Avec la montée révolutionnaire, à l'automne, le travail anti-militariste avait pris une importance capitale. Il ne s'agissait pas seulement de faire de la propagande contre l'occupation de la Ruhr, il fallait encore obtenir la neutralité bienveillante de l'armée d'occupation vis-à-vis de la révolution, gagner à elle sa partie la plus avancée. Et il est vraisemblable que si la révolution allemande s'était développée, il eut été difficile à la bourgeoisie de se servir de l'armée française comme instrument de répression.

Dans ces quelques mois de 1923, les militants communistes français réalisèrent un travail considérable et écrivirent là la seule belle page de l'histoire du Parti Communiste Français. Mais 1925 marque le grand virage. Si la politique du PC français symbolise tout ce qu'il y avait de positif dans le Parti Communiste, l'ardeur et le dévouement de ses militants, l'échec de la révolution allemande, décommandée au dernier moment par l'Internationale Communiste, marque l'heure de la dégénérescence bureaucratique, devant laquelle les différentes sections de l'Internationale n'étaient pas assez armées idéologiquement, pour pouvoir résister.
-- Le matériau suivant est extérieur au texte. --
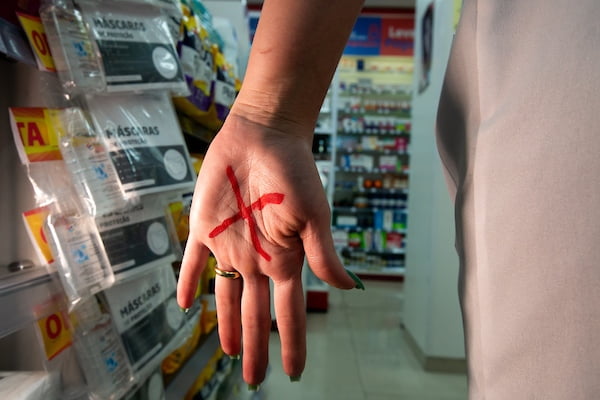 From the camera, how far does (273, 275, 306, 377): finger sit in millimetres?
586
Aujourd'hui le PCF ne sait plus à propos de l'Allemagne que parler des dangers du militarisme allemand en un style qui n'a rien à envier aux propos des social-chauvins de 1914 et de 1923, le rappel de ce que sut faire il y a 38 ans la Section Française de l'Internationale Communiste dont il est le tombeau, est le plus terrible des actes d'accusation que l'on puisse porter contre un parti qui, alors qu'il se trouve dans des conditions bien plus favorables que la SFIC en 1923, se vantant de posséder dix fois plus d'adhérents et cinq millions d'électeurs, bénéficiant de la lutte que mène le FLN autant en Algérie qu'en Métropole, n'a su depuis plus de sept ans que l'on se bat en Algérie que proposer des campagnes de pétitions ou des délégations à Evian, quand il n'a pas voté « les pouvoirs spéciaux ».